▶ [EXERCISE]:
Exactly as they appear below, repeat the lines from the one with "Przekaza Design Associates" through the one with "Acompanhante em Ribeirão Preto-SP - Júlia", and no others.

▶ [RECORDS SUPPLIED]:
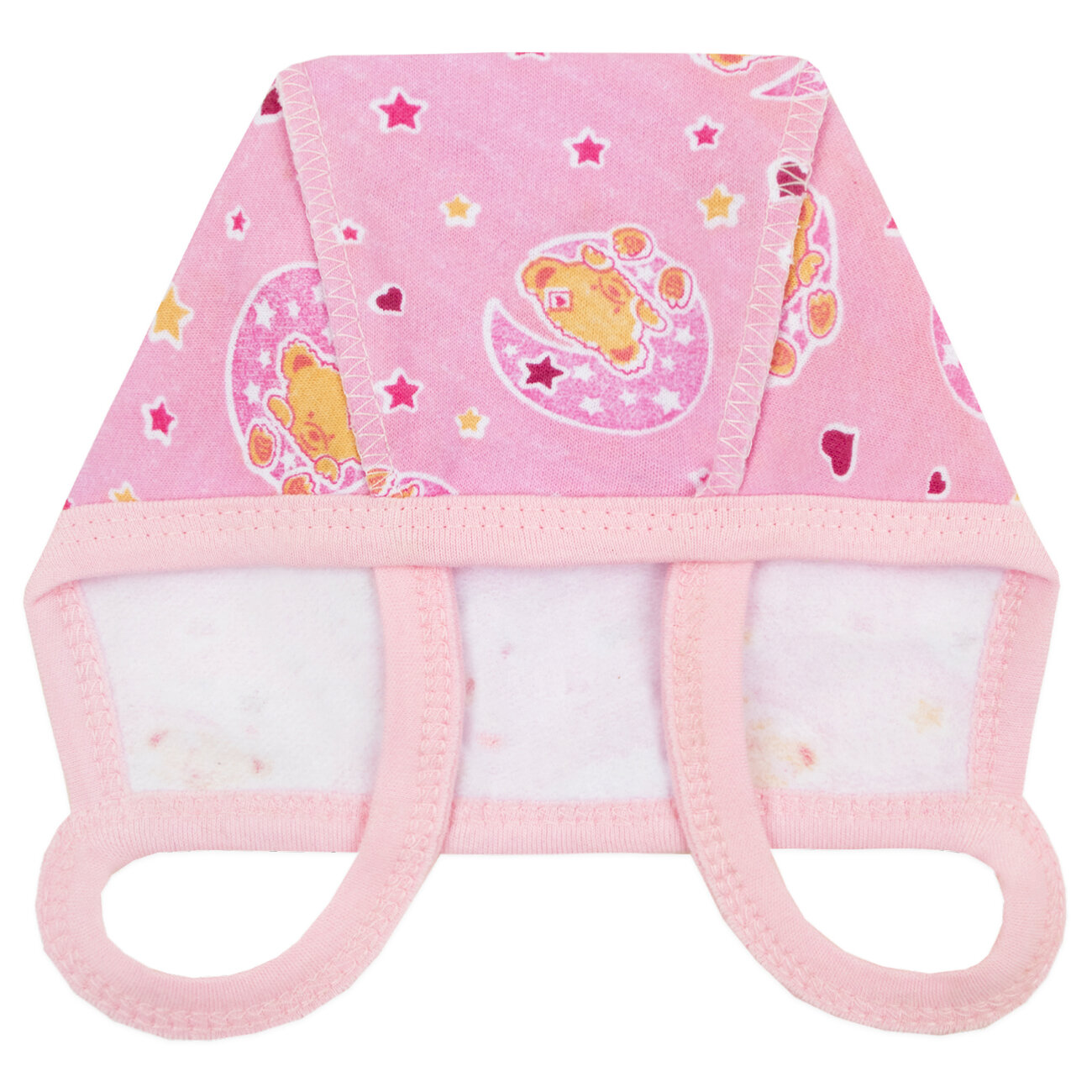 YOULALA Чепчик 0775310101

...

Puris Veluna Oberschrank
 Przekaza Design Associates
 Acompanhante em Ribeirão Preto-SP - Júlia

...

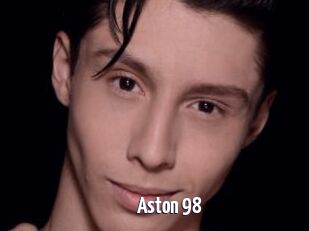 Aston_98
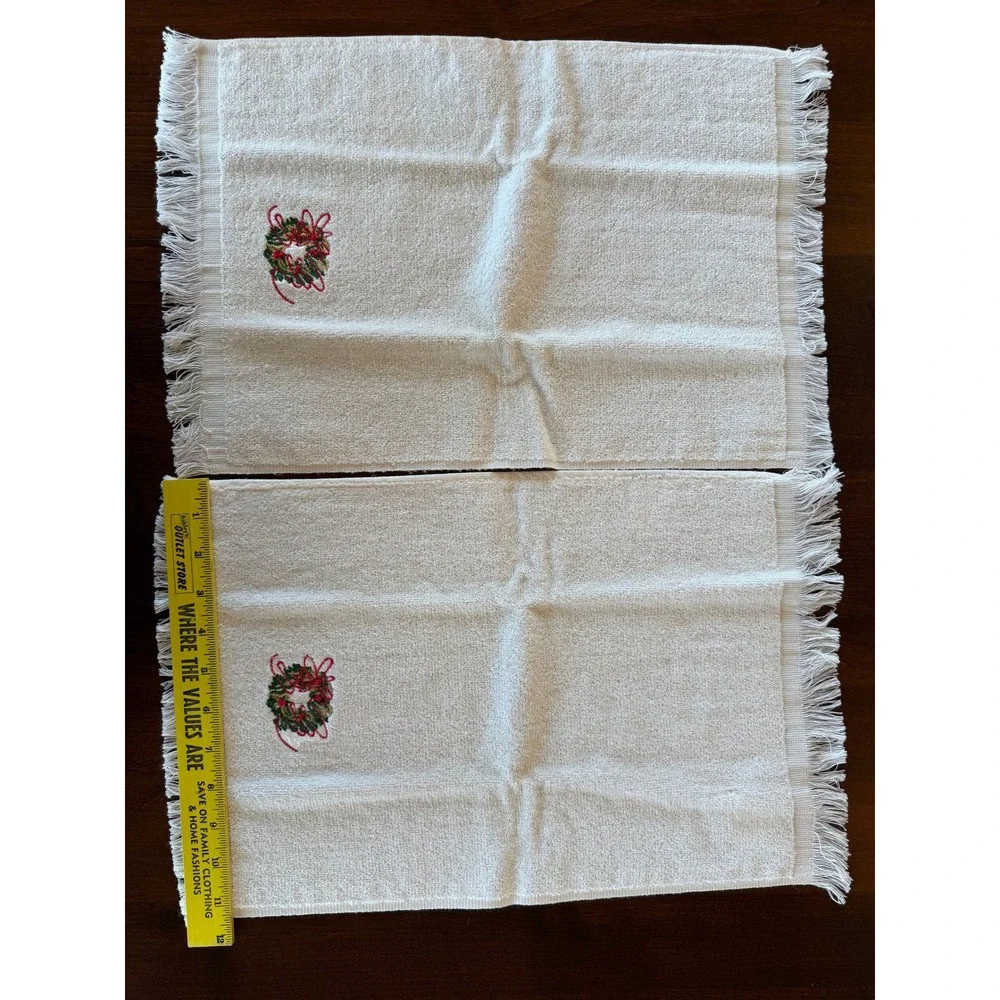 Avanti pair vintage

▶ [WRITTEN SOLUTION]:
 Przekaza Design Associates
 Acompanhante em Ribeirão Preto-SP - Júlia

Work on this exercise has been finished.